Onsite customer experience has a huge impact on our campaigns’ performance. Just ask yourself, if you search specifically for a brand, clicked a hyper relevant and personalised ad, only to be delivered a slow, generic website which isn’t user friendly, you wouldn’t consider going elsewhere, I know I have.

What is important to your customers?

At iCrossing UK we make data-led decisions, understanding what the best user experience is for a consumer. We don’t use hunches, or biased POV, but research from Hearst, Statista, Accenture, Kantar, GWI and others to really understand what matters to consumers and more importantly, what they expect from brand engagement. It’s incredible the number of times we work with brands who tell us who they think their audience is and what is important to them, which so often can be based on outdated insights or trends. However, I’m not here to talk about Audience Intelligence, but to discuss how these types of insights are so valuable to transforming your brand’s customer journey to improve the performance of all your marketing channels.

For the session, the main data points we focused on specifically for the travel sector were:

  • 62% of people once they find a brand they like, they tend to stick to it (GWI)

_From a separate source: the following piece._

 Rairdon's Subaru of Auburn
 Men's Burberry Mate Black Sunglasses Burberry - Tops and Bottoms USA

  • 78% of people look for the best deals

  • 68% of people do not necessarily go with a specific holiday company

Just re-emphasising the challenges of brand loyalty and saliency in the sector, people are more focused on price, than brand. And let’s be honest, this focus won’t be going away any time soon. So, the challenge for brands is; how do you convince someone to buy from you, even if your competitors are slightly cheaper? You offer a stellar customer experience.

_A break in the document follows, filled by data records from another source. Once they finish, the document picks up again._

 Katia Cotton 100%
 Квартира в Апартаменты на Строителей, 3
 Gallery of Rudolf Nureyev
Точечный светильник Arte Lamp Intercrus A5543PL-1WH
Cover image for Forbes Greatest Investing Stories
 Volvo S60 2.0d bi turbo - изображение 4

Why you should focus on the post-purchase period of the purchase cycle

Another key insight from Google is that 95% of people keep visiting travel related sites after booking, and 74% of people research a trip after completing a booking. Forrester insights have shown that brands are still focusing on the pre-purchase stage of the cycle, and less on the post-purchase phase. Think about your own purchase cycle. What’s more front of mind when you make a repeat purchase, the initial contact you had with the brand when they wanted you to buy, or the more recent experience post purchase, when you needed support with returns or looking for advice?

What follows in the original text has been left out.